** Brief **
Output, verbatim and without pictures, the lines from the first line of the listing through the line containing "A variety of".

** Records for the task **
+++++

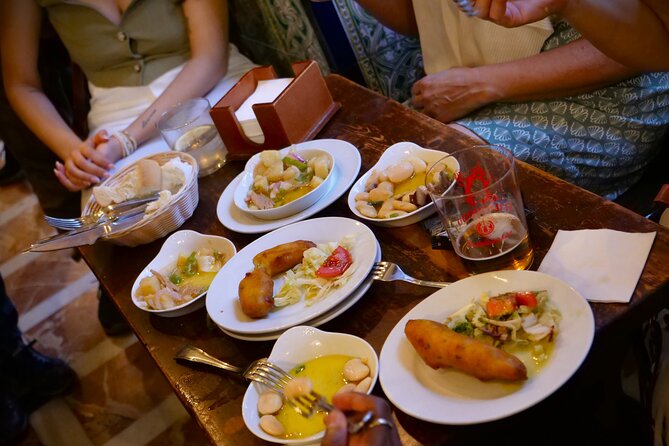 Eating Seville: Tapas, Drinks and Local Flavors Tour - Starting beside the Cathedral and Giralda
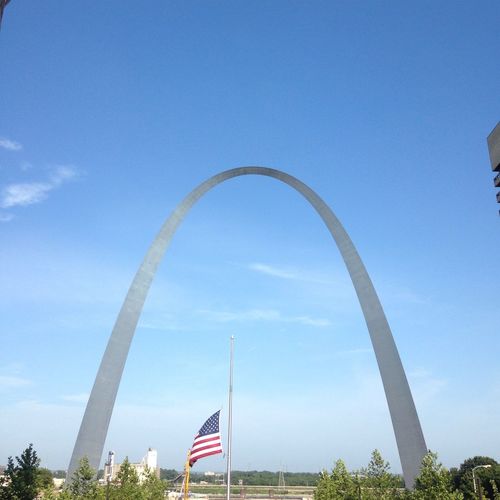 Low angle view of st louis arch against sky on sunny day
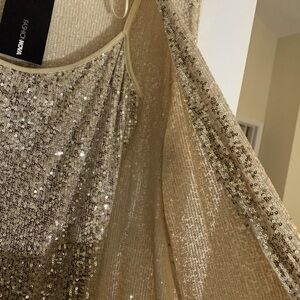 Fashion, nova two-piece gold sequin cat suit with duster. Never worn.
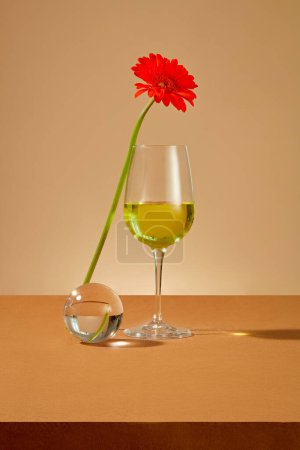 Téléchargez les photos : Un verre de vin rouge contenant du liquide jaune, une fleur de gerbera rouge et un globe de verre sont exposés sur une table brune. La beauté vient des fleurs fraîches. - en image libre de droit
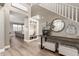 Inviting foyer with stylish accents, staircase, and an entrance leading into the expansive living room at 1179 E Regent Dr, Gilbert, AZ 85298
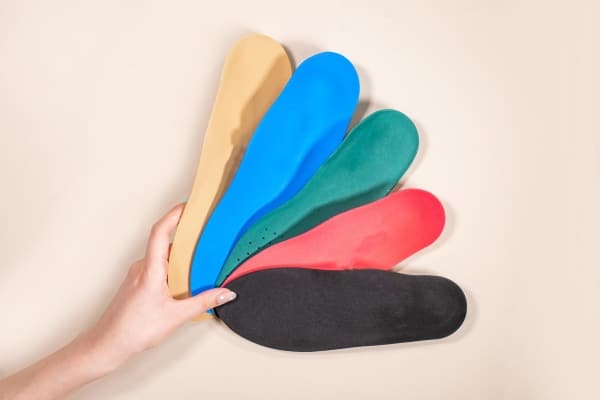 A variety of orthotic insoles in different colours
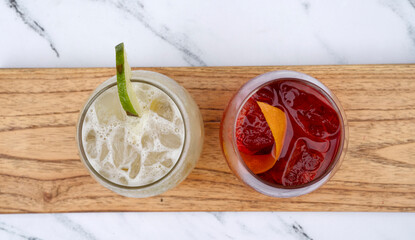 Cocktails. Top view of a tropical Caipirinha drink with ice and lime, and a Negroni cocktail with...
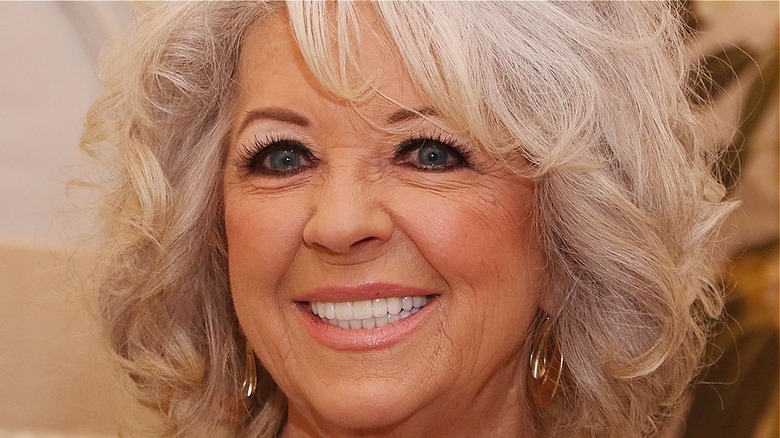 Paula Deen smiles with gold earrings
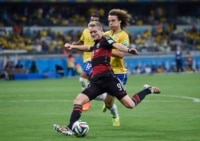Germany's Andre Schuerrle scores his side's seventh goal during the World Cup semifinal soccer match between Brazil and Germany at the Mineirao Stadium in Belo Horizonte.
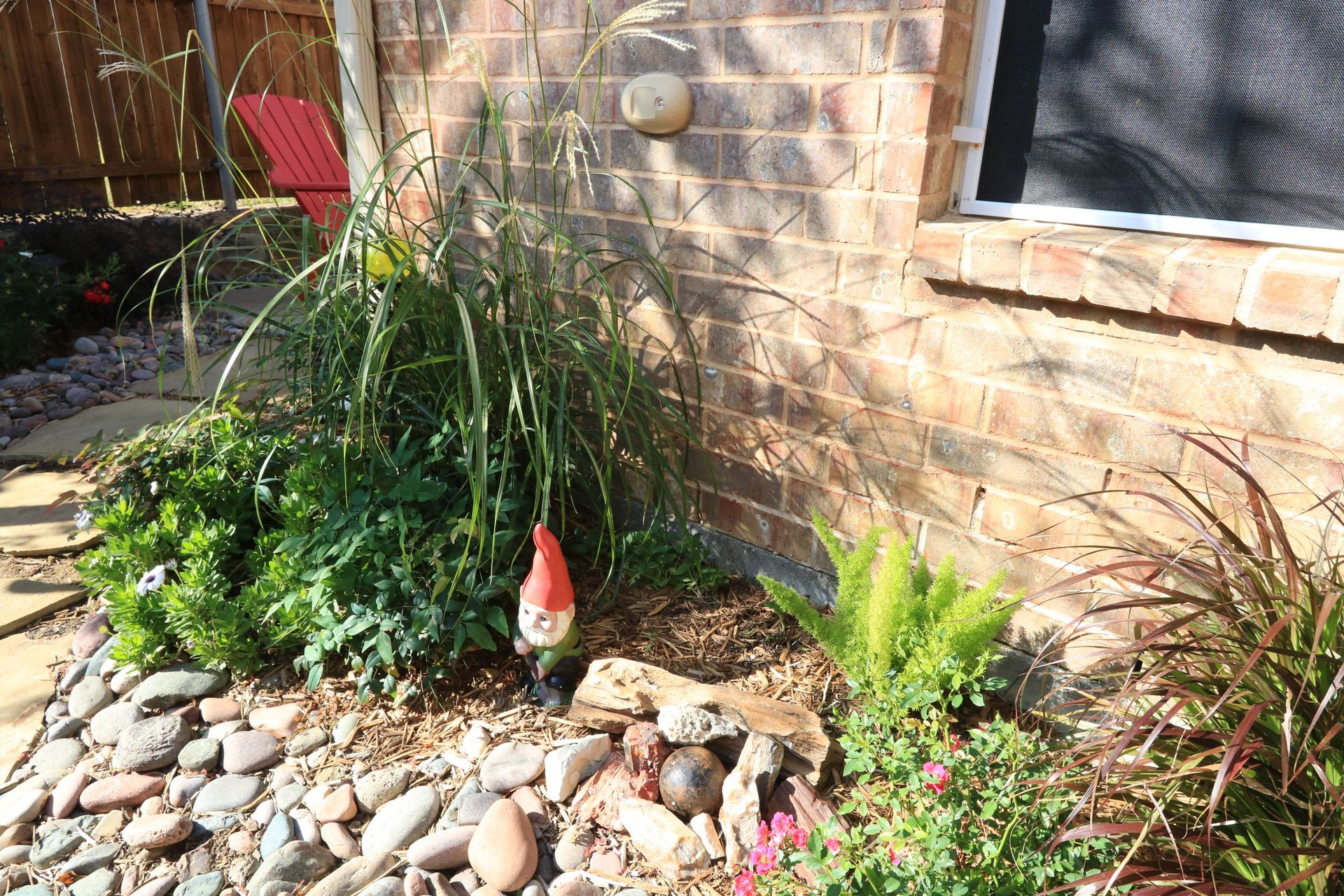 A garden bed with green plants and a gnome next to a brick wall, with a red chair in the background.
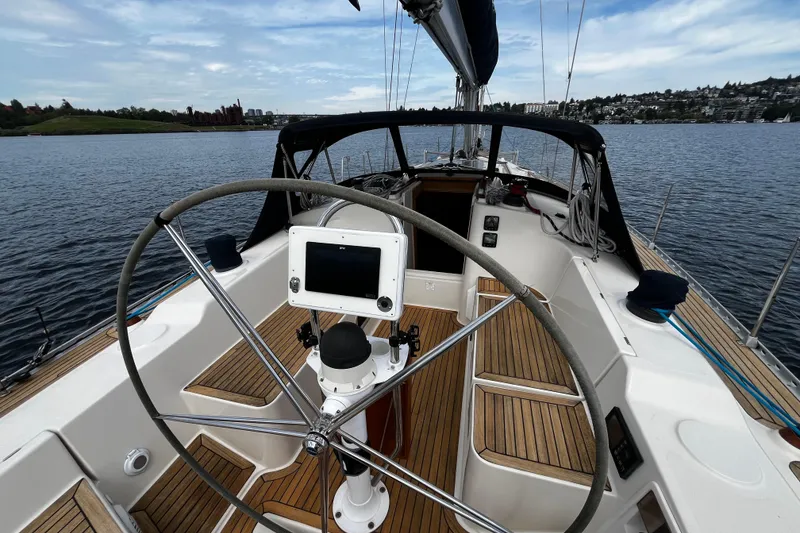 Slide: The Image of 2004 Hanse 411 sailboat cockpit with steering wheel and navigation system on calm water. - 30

+++++

** Task output **
 Eating Seville: Tapas, Drinks and Local Flavors Tour - Starting beside the Cathedral and Giralda
 Low angle view of st louis arch against sky on sunny day
 Fashion, nova two-piece gold sequin cat suit with duster. Never worn.
 Téléchargez les photos : Un verre de vin rouge contenant du liquide jaune, une fleur de gerbera rouge et un globe de verre sont exposés sur une table brune. La beauté vient des fleurs fraîches. - en image libre de droit
 Inviting foyer with stylish accents, staircase, and an entrance leading into the expansive living room at 1179 E Regent Dr, Gilbert, AZ 85298
 A variety of orthotic insoles in different colours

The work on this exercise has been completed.